-------- DATA SECTION --------

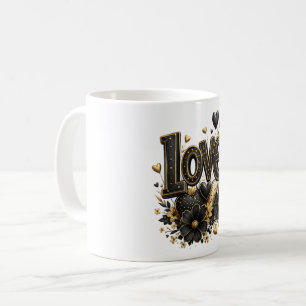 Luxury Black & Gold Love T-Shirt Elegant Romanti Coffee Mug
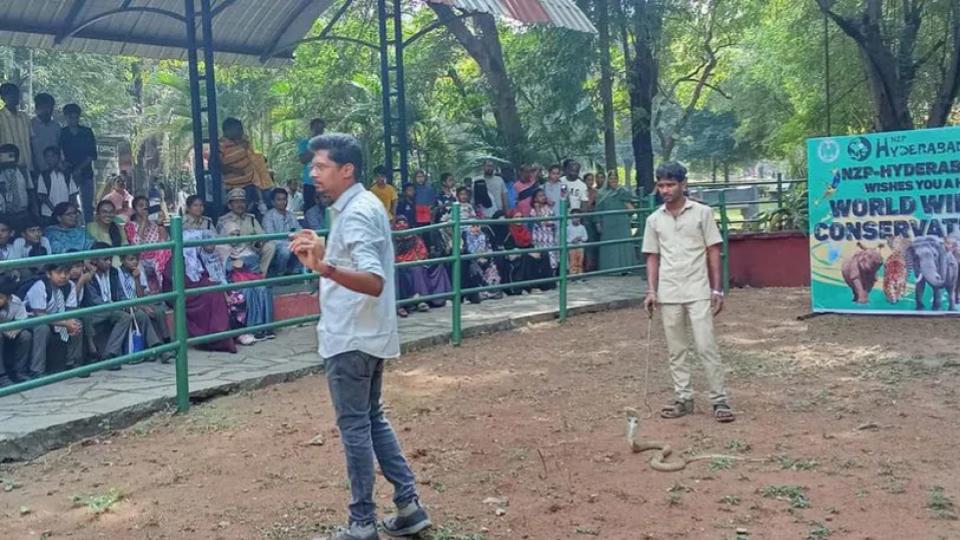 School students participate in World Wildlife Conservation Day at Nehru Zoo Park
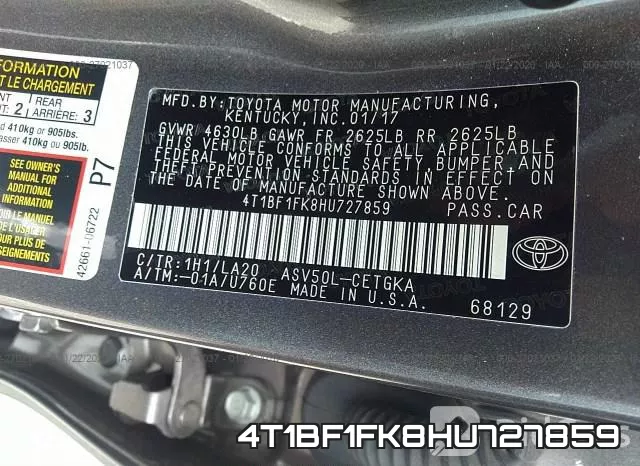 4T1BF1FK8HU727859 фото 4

--------

◆ WORK TASK
Drop the pictures and reproduce the rest of the data exactly.

◆ ANSWER SPACE
 Luxury Black & Gold Love T-Shirt Elegant Romanti Coffee Mug
 School students participate in World Wildlife Conservation Day at Nehru Zoo Park
 4T1BF1FK8HU727859 фото 4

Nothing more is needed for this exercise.